Background
Community-acquired bacteremia is a potential source of infection and cause of fever in patients presenting to the emergency department (ED) with suspected sepsis. Ambiguous or false-positive blood culture results may lead to unnecessary testing and overtreatment with substantial implications on antimicrobial stewardship and associated healthcare costs. There is little clinical information available to determine with a high degree of certainty whether a patient may be febrile secondary to bacteremia. The primary aim of this study was to assess the diagnostic utility of fever in patients with suspected sepsis secondary to community-acquired bacteremia.
Methodology
A retrospective review of a consecutive sample of electronic health records of patients presenting to the ED of an academic tertiary care hospital with an annual census of approximately 100,000 visits was performed. Structured demographic and clinical data were summarized. Receiver operating characteristics of fever, defined as an initial recorded temperature ≥38°C, in predicting bacteremia, defined as at least one positive blood culture result, were calculated. The associations between fever and bacteremia and admission and inpatient all-cause mortality rates were analyzed using multivariable logistic regression.
Results
A total of 100,270 pediatric and adult ED visits were screened for eligibility. Of the 10,220 (10.2%) patients who had at least one blood culture result and temperature recorded, 1,175 (11.5%) were febrile and 487 (4.8%) had bacteremia. Febrile patients were more likely to have blood cultures drawn than afebrile patients (34% vs. 10%, p < 0.001), and the median initial temperature was higher in patients with a positive blood culture result (37.1°C vs. 36.9°C, p < 0.001).
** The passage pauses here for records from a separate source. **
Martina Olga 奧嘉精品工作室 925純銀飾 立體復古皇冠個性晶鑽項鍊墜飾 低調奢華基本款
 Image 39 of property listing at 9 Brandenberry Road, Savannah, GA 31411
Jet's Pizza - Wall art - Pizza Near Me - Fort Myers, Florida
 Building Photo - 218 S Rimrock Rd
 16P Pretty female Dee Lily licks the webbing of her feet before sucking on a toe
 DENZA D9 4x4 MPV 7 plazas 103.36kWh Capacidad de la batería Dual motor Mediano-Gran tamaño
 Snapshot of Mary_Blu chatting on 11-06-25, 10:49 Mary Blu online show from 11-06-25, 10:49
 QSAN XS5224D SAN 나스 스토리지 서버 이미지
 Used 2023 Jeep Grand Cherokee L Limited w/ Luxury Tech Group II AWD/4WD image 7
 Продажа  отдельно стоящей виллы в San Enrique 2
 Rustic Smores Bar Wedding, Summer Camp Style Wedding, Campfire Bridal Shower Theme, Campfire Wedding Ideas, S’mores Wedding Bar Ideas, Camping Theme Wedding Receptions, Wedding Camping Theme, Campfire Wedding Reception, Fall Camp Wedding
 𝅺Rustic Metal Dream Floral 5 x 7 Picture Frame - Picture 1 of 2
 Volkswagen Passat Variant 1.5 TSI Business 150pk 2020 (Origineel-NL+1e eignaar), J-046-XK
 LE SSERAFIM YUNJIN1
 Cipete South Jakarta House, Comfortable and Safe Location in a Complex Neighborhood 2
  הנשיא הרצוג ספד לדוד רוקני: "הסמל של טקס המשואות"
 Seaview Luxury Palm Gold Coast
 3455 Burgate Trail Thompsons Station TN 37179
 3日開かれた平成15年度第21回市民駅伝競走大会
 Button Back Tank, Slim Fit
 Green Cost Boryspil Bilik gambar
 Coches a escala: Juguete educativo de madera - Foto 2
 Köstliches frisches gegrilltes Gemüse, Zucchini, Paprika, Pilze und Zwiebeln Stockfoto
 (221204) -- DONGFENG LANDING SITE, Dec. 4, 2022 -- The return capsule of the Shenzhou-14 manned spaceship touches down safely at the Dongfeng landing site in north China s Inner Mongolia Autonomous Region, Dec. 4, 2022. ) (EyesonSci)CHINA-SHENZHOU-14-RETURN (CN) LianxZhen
Fever was not sensitive for bacteremia across pediatric, adult, and geriatric cohorts (25.0%, 21.6%, and 23.4%, respectively), but was more specific in adult and geriatric cohorts (90.2% and 92.1%, respectively) than the pediatric cohort (68.6%). A positive blood culture result was associated with an increased likelihood of admission (adjusted odds ratio (AOR) = 2.85, 95% confidence interval (CI) = 2.14-3.81, p < 0.001) and inpatient all-cause mortality (AOR = 3.67, 95% CI = 2.68-5.04, p < 0.001) while fever increased the likelihood of admission only (AOR = 1.58, 95% CI = 1.36-1.83, p < 0.001).
Conclusions
A strict definition of a fever of ≥38°C is specific but not sensitive for bacteremia. Febrile patients are 1.58 times as likely to be admitted when compared to afebrile patients while adjusting for age, sex, and the presence of a positive blood culture result. Bacteremia is associated with increased admission and mortality rates in patients with suspected sepsis presenting to the ED.